- [BRIEF]: A word-for-word reproduction of the data below is needed, with no pictures in it.

- [DATASET SECTION]:

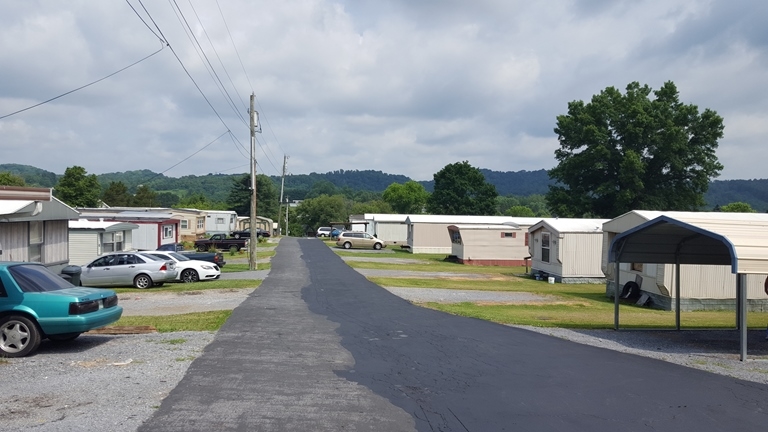 Mobile Home Park in Bristol, TN - Building Photo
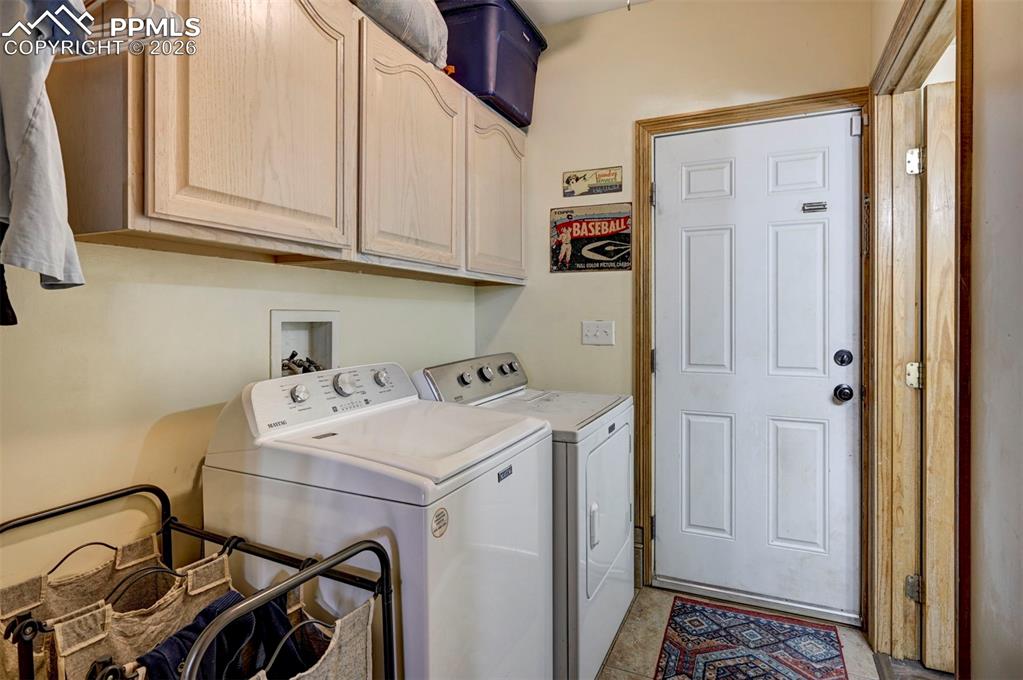 Image 19 of 32: Laundry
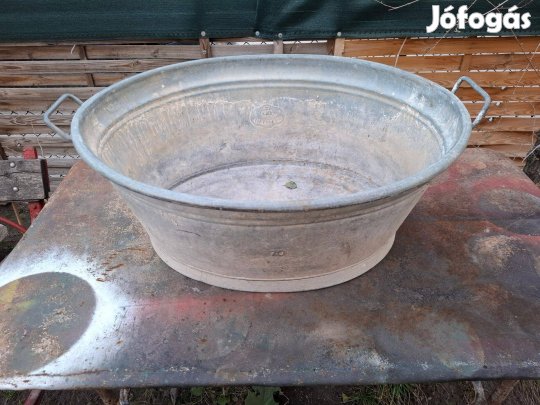 Régi horgany dézsa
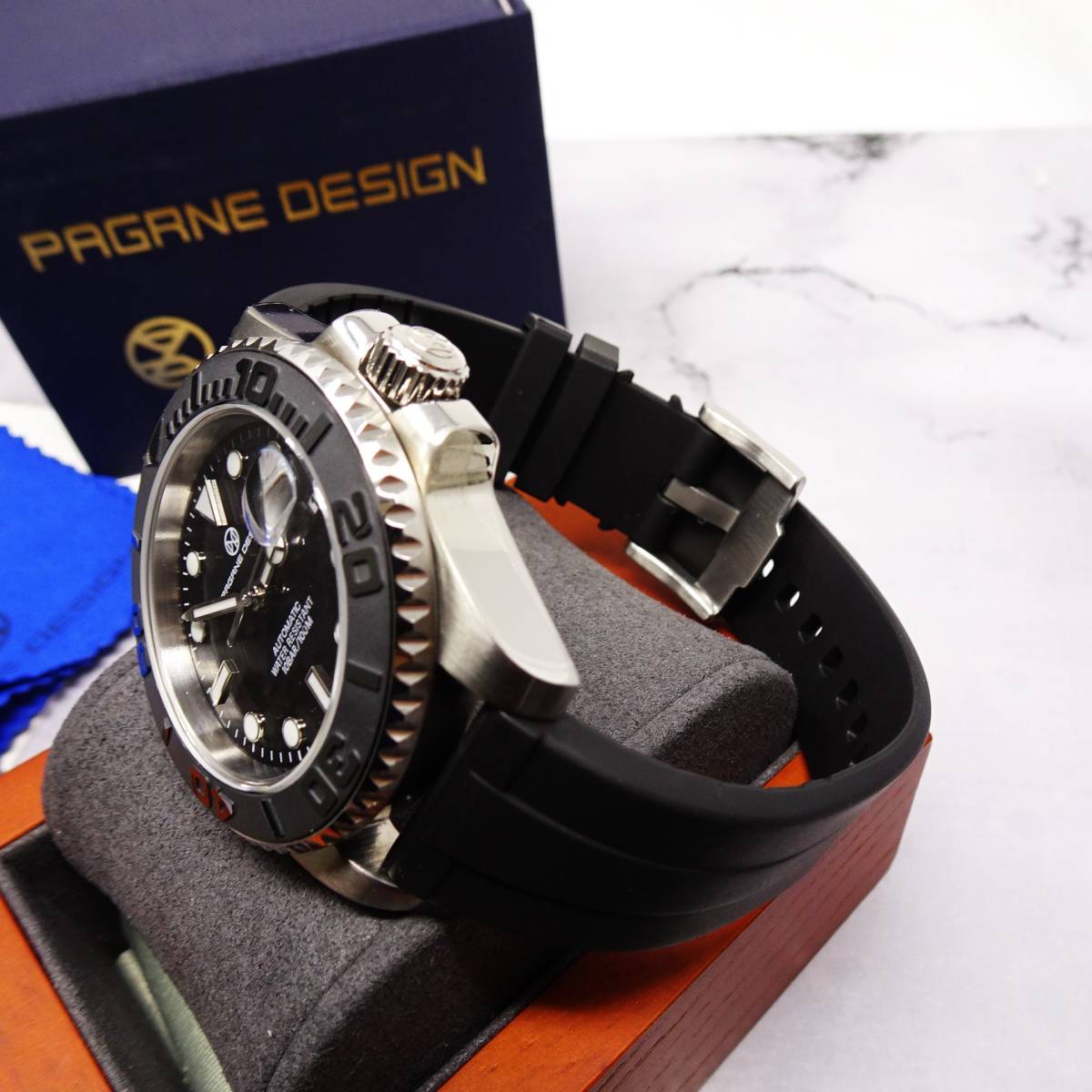 送料無料・新品・パガーニデザインブランド・メンズ・NH35A機械式腕時計 ・ヨットオマージュウオッチ・ブラックモデル・ラバーストラップ_画像9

- [YOUR SOLUTION]:
 Mobile Home Park in Bristol, TN - Building Photo
 Image 19 of 32: Laundry
 Régi horgany dézsa
 送料無料・新品・パガーニデザインブランド・メンズ・NH35A機械式腕時計 ・ヨットオマージュウオッチ・ブラックモデル・ラバーストラップ_画像9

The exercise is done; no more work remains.